Oct 3 – The Beginning
So here we go. I thought I might start recording my acting journey, which I have been at for a year now. Not actually acting for a year, but going to acting school for a year. I started last summer on a whim. I took a class with Nils Osmar at the University of Washington Experimental College. Just a beginning acting class. Once a week, for two hours, for five weeks.
I was really nervous about it. I am rather shy and reserved, but I have been coming to the conclusion that I need to get over myself. I saw this show on the Discovery channel or somewhere, about treating people with phobias. There was a woman who was very afraid of spiders. The treatment consisted of acclimating her to spiders slowly, by first having her look at pictures in books of spiders. Then when she had adjusted to that, they had showed her a real spider from far away. She could barely stay in the same room. Eventually over time she managed to be in the room with the spider, and eventually they got her to touch the spider, which was a big hairy, scary, (but I am sure perfectly lovely) tarantula.
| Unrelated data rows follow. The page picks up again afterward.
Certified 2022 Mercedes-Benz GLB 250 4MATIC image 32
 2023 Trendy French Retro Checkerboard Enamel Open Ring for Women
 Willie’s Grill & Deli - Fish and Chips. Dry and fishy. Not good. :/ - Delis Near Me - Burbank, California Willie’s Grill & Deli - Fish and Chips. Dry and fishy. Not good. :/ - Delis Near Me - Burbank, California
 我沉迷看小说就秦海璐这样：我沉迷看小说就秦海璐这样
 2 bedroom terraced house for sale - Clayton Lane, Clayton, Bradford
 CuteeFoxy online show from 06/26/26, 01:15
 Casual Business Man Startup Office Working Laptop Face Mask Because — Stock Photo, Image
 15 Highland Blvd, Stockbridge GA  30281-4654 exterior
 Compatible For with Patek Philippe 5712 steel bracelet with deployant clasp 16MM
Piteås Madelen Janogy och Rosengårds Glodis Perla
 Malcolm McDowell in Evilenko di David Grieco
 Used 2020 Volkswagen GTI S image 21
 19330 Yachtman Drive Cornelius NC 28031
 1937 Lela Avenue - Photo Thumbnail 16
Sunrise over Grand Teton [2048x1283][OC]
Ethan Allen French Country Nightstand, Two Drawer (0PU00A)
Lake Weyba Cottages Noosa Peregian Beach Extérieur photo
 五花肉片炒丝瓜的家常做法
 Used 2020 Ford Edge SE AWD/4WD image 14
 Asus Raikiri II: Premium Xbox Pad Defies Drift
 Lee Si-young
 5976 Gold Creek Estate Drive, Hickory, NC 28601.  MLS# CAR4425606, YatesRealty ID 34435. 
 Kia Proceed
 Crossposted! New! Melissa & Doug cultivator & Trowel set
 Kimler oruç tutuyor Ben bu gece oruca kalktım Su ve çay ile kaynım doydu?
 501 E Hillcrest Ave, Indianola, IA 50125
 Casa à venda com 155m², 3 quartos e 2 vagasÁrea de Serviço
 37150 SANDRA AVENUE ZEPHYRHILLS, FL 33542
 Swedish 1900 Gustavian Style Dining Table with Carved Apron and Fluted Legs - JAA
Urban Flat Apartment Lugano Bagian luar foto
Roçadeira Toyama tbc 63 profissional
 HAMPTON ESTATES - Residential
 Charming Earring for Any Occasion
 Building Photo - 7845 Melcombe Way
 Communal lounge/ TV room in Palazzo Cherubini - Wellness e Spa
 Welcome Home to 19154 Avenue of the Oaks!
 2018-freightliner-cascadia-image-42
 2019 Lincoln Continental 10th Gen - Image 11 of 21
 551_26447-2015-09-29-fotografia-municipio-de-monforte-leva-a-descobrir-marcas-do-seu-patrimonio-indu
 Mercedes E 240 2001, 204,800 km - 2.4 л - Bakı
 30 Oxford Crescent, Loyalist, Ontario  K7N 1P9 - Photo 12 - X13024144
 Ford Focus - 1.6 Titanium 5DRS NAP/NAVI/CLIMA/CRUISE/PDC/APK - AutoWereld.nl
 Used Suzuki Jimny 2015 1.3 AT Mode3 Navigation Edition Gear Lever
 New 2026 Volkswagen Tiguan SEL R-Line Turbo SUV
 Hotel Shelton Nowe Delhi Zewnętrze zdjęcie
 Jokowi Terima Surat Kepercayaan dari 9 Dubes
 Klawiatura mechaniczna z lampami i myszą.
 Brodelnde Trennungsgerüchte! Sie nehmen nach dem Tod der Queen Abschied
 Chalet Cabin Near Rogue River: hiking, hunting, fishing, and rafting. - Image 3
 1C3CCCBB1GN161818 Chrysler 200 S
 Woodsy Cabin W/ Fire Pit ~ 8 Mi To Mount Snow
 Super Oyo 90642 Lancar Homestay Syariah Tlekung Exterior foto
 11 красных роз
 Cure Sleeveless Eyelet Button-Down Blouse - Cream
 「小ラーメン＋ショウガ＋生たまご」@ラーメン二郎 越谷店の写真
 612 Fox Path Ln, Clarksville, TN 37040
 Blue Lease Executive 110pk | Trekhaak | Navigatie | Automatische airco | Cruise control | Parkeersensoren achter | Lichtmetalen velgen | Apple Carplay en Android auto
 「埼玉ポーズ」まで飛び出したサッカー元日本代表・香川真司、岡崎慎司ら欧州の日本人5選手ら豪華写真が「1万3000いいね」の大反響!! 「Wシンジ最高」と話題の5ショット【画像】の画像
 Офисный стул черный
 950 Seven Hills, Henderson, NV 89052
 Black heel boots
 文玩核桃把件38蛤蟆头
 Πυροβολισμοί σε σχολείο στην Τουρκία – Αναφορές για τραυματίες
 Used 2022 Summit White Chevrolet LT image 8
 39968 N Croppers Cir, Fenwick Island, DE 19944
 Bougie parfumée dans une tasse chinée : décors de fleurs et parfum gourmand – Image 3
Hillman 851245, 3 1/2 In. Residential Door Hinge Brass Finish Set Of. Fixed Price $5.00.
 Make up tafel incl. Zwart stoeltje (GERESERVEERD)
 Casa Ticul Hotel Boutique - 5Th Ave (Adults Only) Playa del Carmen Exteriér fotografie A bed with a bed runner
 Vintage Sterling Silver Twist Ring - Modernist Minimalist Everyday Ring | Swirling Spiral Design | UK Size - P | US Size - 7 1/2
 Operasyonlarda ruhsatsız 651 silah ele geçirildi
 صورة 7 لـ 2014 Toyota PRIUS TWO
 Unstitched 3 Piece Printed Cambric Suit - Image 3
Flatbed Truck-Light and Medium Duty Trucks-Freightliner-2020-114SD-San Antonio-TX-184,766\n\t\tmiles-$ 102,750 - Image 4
Anyway, I thought I should just force myself to acclimate to things I don’t like, but wish I did. Like being shy, onions, swallowing pills, getting up early, etc. How better I thought to get over being shy, reserved, and self-conscious than have people look at you and judge your performance. Acting seemed the perfect path. I signed up for my first class, and guess what, I didn’t die.
In fact I liked it.
Not that I didn’t almost have a heart attack several times when it was my turn to get up in front of people. My mouth cottony dry, palms sweating, headlights shining in my deer-glazed eyes. Oh, I had all that, but I survived.
Then I decided to take something a little more serious. I searched around on the web, and found the acting schools in Seattle, read up on the classes and teachers, and then picked a beginning acting class at Freehold Theatre. I took that class, and again, miracle of miracles, survived it. And I have taken several more classes. We started out slow, doing exercises and improvs, then moved on to small scenes. Then I took another class where we did longer scenes. Then I took a class where we did a whole play. Really. A whole play, which we performed in front of real audiences. No one threw anything, or ran out screaming.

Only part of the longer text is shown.